Kami sudah di tepi hutan. Milo terus merangsek masuk melewati pepohonan dan semak-semak. Aku mengikutinua, sampai tiba-tiba kurasakan tangan yang kekar mencengkeramku kuat-kuat. Aku jatuh akibat tarikan itu. Milo berhenti, menatapku dari kejauhan. Matanya yang selalu tampak waspada dan marah, kini khawatir sekaligus ketakutan.

"Milo!"

Napasku terengah-engah. Aku disini. Di tempat tidur besar yang empuk, bukan di tengah ilalang. Keringat dingin bercucuran membasahi kening dan pelipis. Benar saja, itu mimpi yang aneh dan juga menakutkan.

Satu gonggongan mengejutkanku. Milo berada di sisi ranjang, memerhatikanku dengan manik matanya yang gelap. Aku meringsut mundur. Rupanya dia mendengar aku meneriakkan namanya.

"Masih pagi udah teriak-teriak."

Dirga membalik posisi tidurnya, yang sebelumnya memunggungiku. Dia tampak terganggu dan tidak senang. "Maaf, aku mimpi buruk." Dia menggelengkan kepalanya. Lalu bangkit dari ranjang. Suasana hatinya pagi ini berantakan karena aku. Terlihat jelas dari kerutan dan rahangnya yang mengeras.

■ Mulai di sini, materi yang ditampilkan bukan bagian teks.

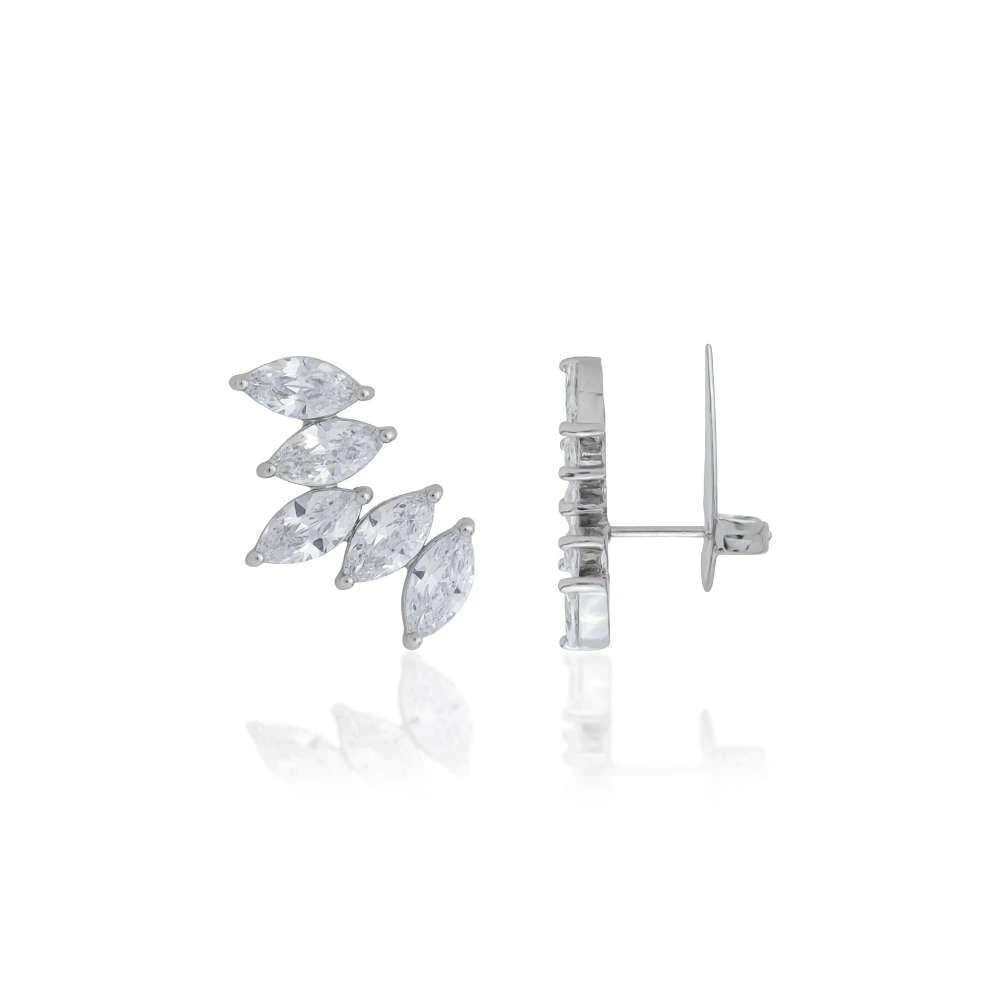 Brinco Earcuff Navette Shine - Rodio Zirconia Incolor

Milo mengekori Dirga keluar kamar, meninggalkan aku sendirian.

Sudah seminggu sejak pernikahan kami. Aku baru kembali bekerja kemarin, sedangkan Dirga sejak awal selalu sibuk dari pagi hingga ketemu pagi. Kami benar-benar berjarak.

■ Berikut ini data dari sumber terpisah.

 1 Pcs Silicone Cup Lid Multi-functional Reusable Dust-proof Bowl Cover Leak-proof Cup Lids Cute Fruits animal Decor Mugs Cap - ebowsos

Di meja makan yang besar dan seluas lapangan golf ini kami makan dalam hening. Hanya suara denting rendah dari alat makan. Sejak tinggal di rumah Dirga, aku tidak pernah memasak. Satu dari sekian banyak hal yang terlalu berlebihan membuatku tidak nyaman. Di rumah aku terbiasa menyapu, mengepel, berbenah, memasak, bahkan memperbaiki genteng bocor. Namun disini aku seperti bayi yang semuanya sudah tersedia di depan mata.

"Kamu harus berhenti bekerja."

Seketika aku mendongak, tidak percaya apa yang telah dikatakannya. Wajahnya serius, tidak ada senyum licik yang biasa menghiasi wajahnya yang mulus.

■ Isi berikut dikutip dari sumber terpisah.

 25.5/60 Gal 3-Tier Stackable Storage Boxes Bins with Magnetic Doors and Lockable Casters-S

"Aku tidak mau," jawabku dengan keyakinan kuat. Enak saja, baru menikah sudah memerintah di luar batas. Bahkan ibuku saja tidak bisa mengubah sebagian besar kemauanku.

"Aku kenal bosmu. Jangan ke kantor, aku akan bilang padanya langsung. Paham?"

Refleks kedua kakiku menegak hingga kursi berbantal beludru gading terdorong ke belakang. Sendok dan garpu perak terkepal di dalam genggaman tangan.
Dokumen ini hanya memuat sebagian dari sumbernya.